Extracted data entries:

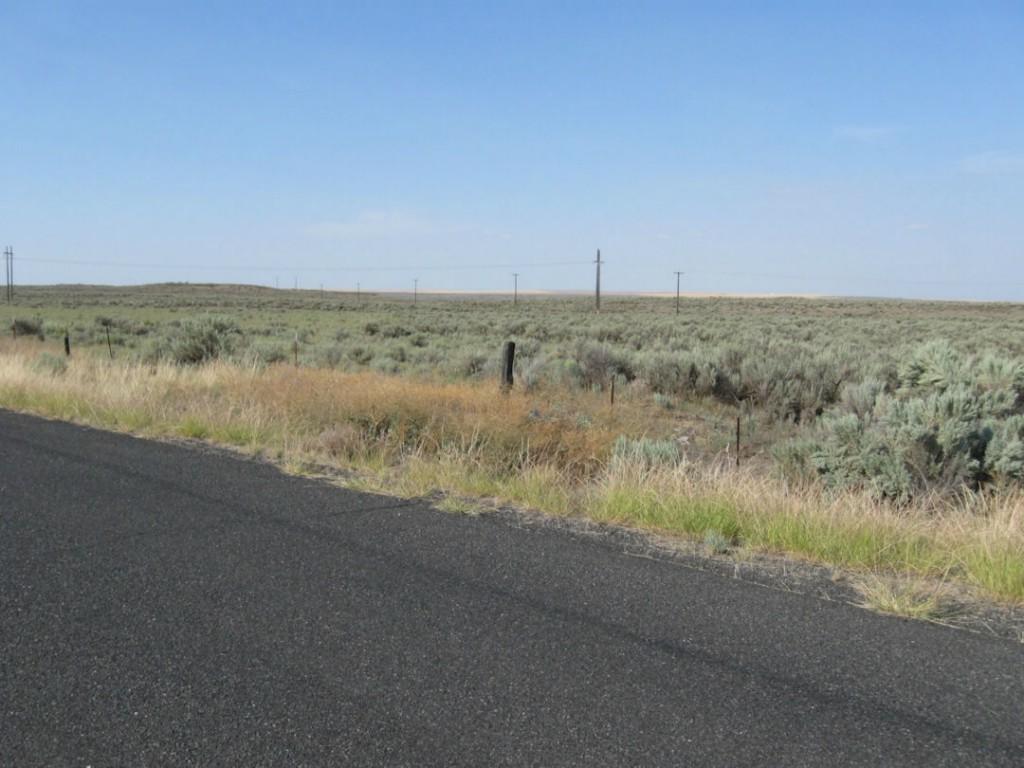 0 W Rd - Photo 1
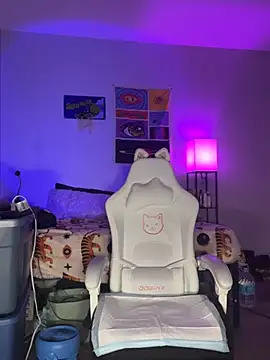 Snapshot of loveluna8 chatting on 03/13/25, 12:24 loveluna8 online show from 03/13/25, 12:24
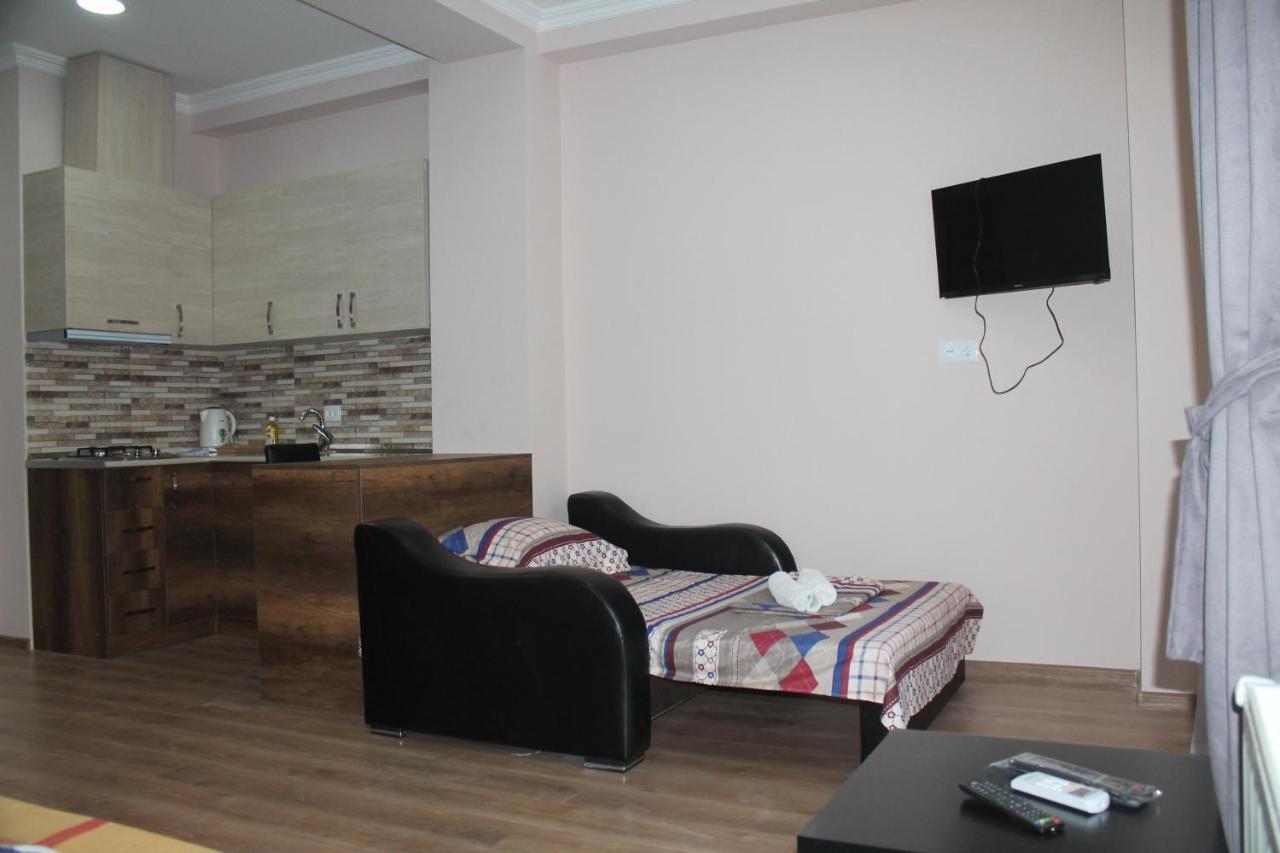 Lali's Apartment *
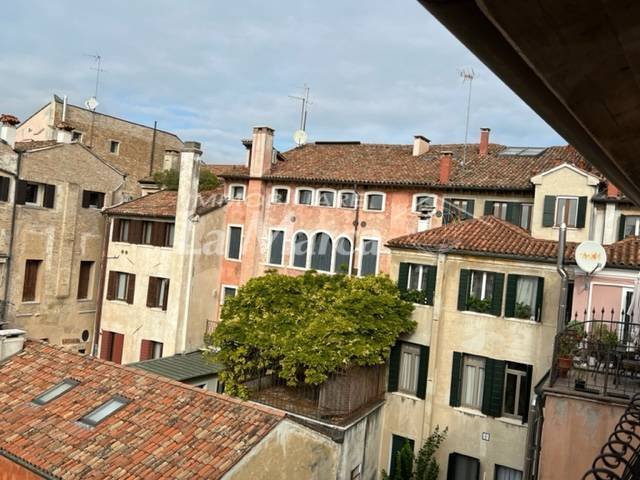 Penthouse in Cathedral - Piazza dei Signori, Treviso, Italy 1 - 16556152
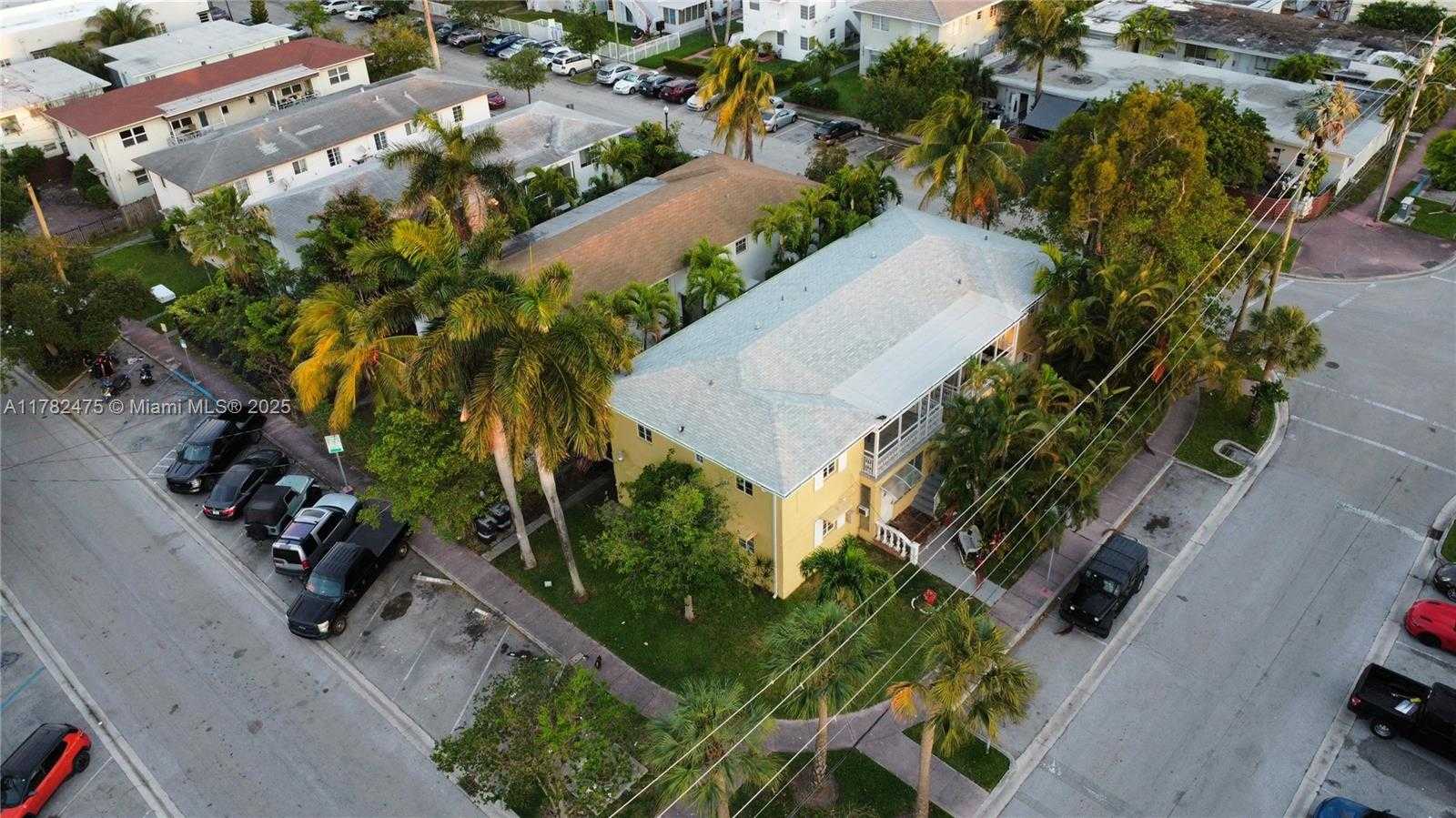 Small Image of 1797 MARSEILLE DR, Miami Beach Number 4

Work to be completed:
Nothing but an exact copy is needed, covering the lines from the line with "Lali's Apartment *" through the last line of the entries, pictures excluded.

Your solution:
 Lali's Apartment *
 Penthouse in Cathedral - Piazza dei Signori, Treviso, Italy 1 - 16556152
 Small Image of 1797 MARSEILLE DR, Miami Beach Number 4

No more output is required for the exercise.